SPIEGEL ONLINE: There was a break-in at your studio in Berlin before the premiere of your documentary about the incarcerated Russian oil tycoon Mikhail Khodorkovsky. The computer containing the final edit of the film was stolen. Who was behind this?
Cyril Tuschi: We cannot rule out the Russian secret service, but also the many circles of witnesses I interviewed at the time. The criminal police and Office for the Protection of the Constitution (Germany's domestic intelligence agency) are looking into it.
SPIEGEL ONLINE: Are there any leads?
Tuschi: There still seems to be no evidence pointing to the identity of the perpetrators. I for one would be glad if it were just a couple of Apple fans who wanted the computer. I actually wanted to build a bridge between Russia and the West with my film. Now the media coverage is all about confrontation and accusations.
SPIEGEL ONLINE: You spent five years working on the film. Can you say whether or not Khodorkovsky was indeed guilty of racketeering and tax evasion when a court in Moscow sentenced him to 14 years in prison?
Tuschi: I am an artist, not a judge. At times however the question of his guilt has troubled me deeply and given me sleepless nights.
SPIEGEL ONLINE: At the same time, over the course of speaking to over 70 witnesses and collecting over 180 hours of interview material, some picture must have emerged.
Tuschi: I did not want to pronounce judgement. I wanted to make an interesting film about a unique person.
SPIEGEL ONLINE: What makes Khodorkovsky so fascinating to you and other artists? Symphonies have been composed in his honor and Moscow authors Boris Akunin and Lyudmila Ulitskaya published their long exchange of letters with him.
Tuschi: He has an almost transcendental, other-worldy aura. It is the aura of a martyr, which is otherwise not found amongst the living.

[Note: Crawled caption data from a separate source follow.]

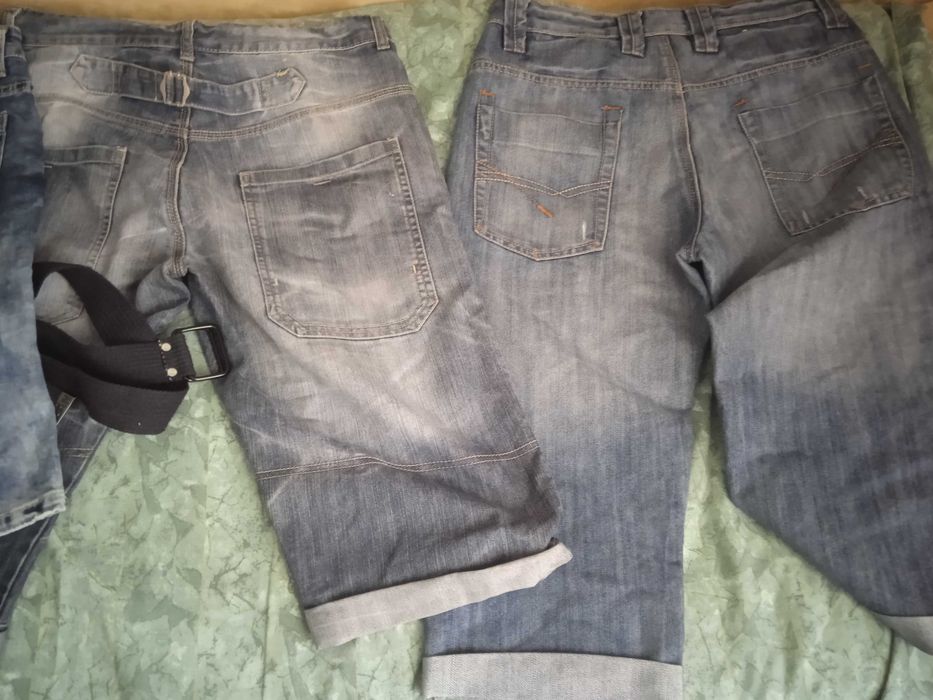 3 pary spodenki męskie jeans pas ok 80
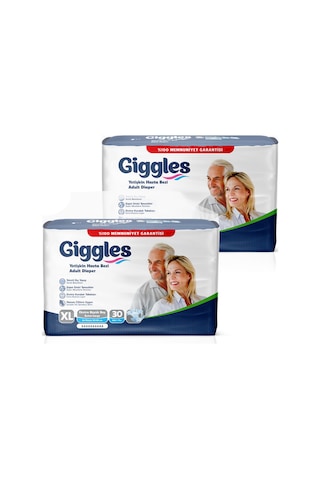 Giggles Yetişkin Bel Bağlamalı Hasta Bezi Extralarge 2 x 30'Lu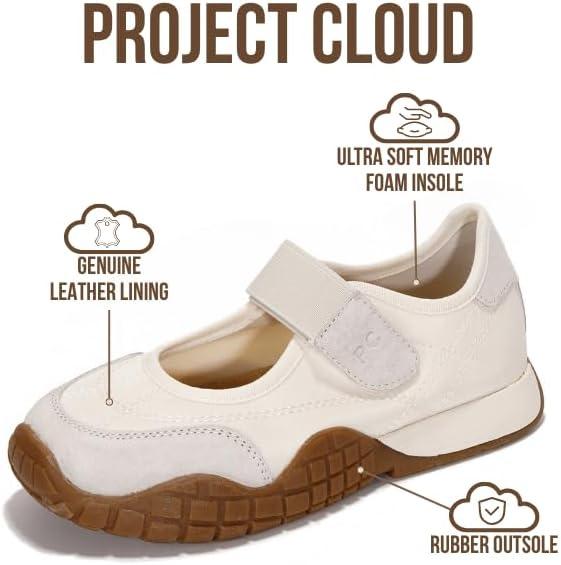 imageProject Cloud Girls Shoes Memory Foam Insole Kids Shoes Girls Sneakers Lightweight Mary Jane Flats ampamp NonSlip Comfortable Kids Sneakers Little DonnaWhite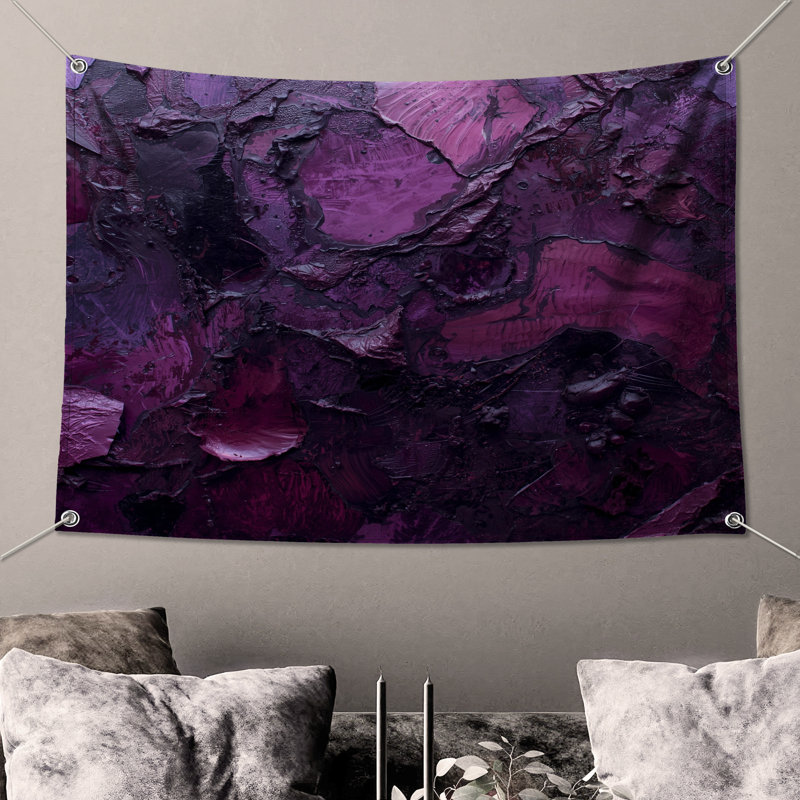 Tapisserie murale texturée mauve texturée, H 104 po x 88 avec 4 œillets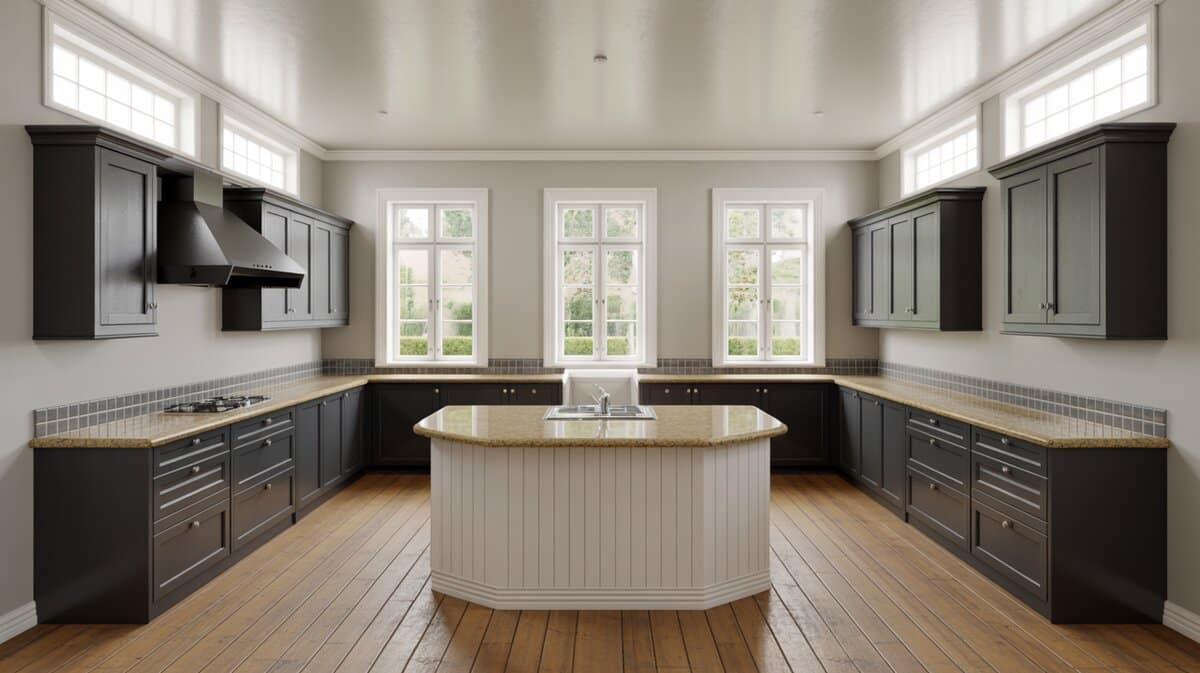 Charcoal cabinets with white curved island and beige granite under bright windows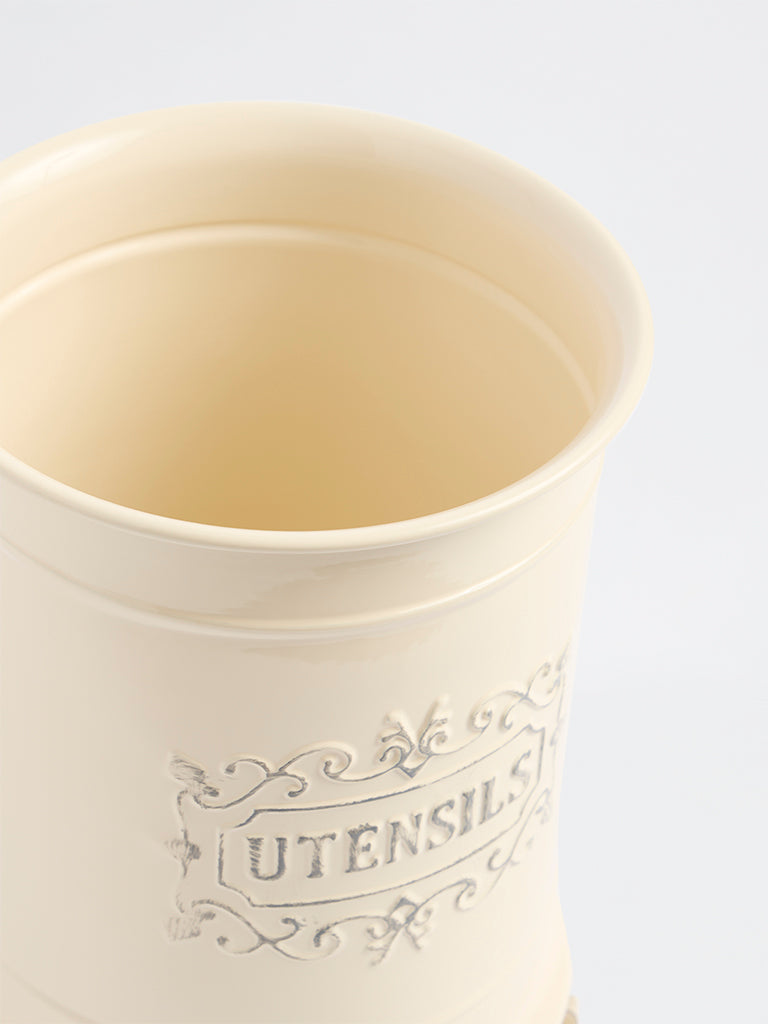Westside Home Ivory Victorian Style Utensil Holder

Khodorkovsky is a logic-driven human being, his entire behavior was based around logic, up until the point where he did something completely illogical and went to prison, although he had the option of going into exile.

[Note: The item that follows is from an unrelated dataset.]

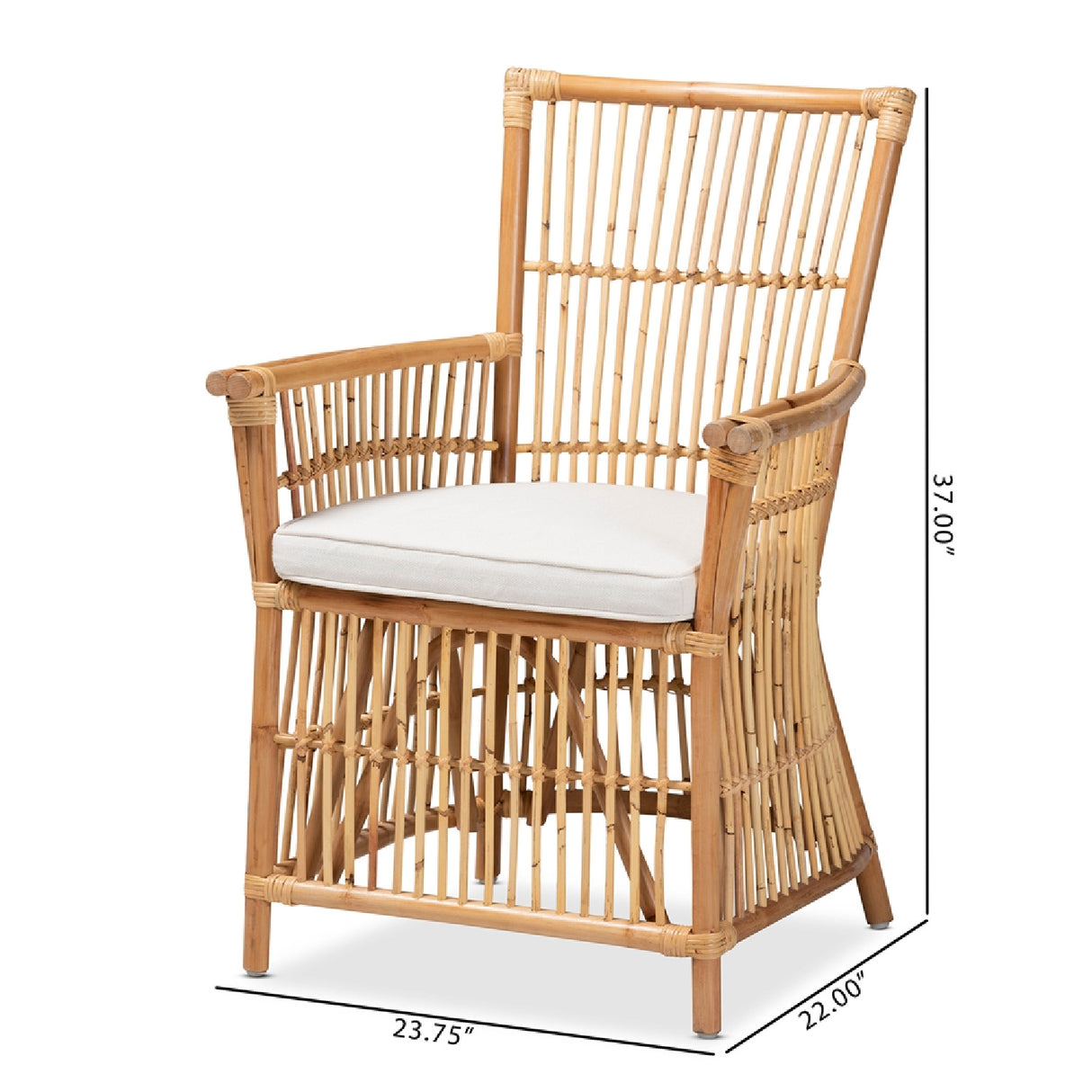Modern European furniture - Padded Seat Rattan Accent Chair - www.oroa.com | Oroa.com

SPIEGEL ONLINE: You imply in your film that Khodorkovsky was arrested in 2003 because he developed close and deliberate contact with the US in order to sell off parts of his business to them. Was this the key reason for his arrest?
Tuschi: Unfortunately Dick Cheney and other Americans connected with the oil industry were not willing to meet with me. Neither were Vladimir Putin or Igor Sechin, Russia's energy czar, who, it is said, engineered Khodorkovsky's arrest. So there is no one key reason -- more like a dozen.
SPIEGEL ONLINE: What else came into the equation in the showdown between Putin and the then-richest man in Russia?
Tuschi: Apparently it was also about breaking an oligarch in a way that would instill so much fear in the others, that they would toe the line. Apart from that, it seems to me to be an archaic macho battle between Putin and Khodorkovsky.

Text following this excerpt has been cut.